Long gone are the days when eating was as simple as plucking fruit off a vine and popping it into our mouths. Nowadays, most of us are far removed from our food, and many of us would have no idea how to grow and prepare the things we eat every day. This separation of humans from the sources of their food has resulted in several problematic systems developing. Things like pesticides, factory farming, antibiotics, hormone-disrupting animal diets, and genetically modified foods are taking over. It can be hard to know what we can do to help make sure that the food we’re eating is truly food—that it’s good for us, nutritious, and free from toxic chemicals that make us sick.
You’ve probably heard the term organic before but might not fully understand the meaning of it. The following will explore some of the things you need to know about the concept of eating organic.
What Does Organic Actually Mean?
It turns out the term organic doesn’t have as strict of a definition as we’d like it to. The term is often thrown around in casual conversation to refer to foods that were grown without the aid of pesticides. When we look closer at this, we learn that the definition of pesticides is quite awry.
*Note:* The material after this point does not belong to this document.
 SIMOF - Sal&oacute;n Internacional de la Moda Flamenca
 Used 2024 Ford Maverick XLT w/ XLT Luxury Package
There’s a list of chemical compounds included in the list of pesticides, but many chemicals don’t make it on that list. We need to do our research on the organic foods we ingest as sometimes all organic means is that instead of being sprayed with one illegal chemical, the food was sprayed twenty times with sulfur, which also isn’t good for us. Organic doesn’t mean pesticide or herbicide-free. It only means that the food is free of specific pesticides.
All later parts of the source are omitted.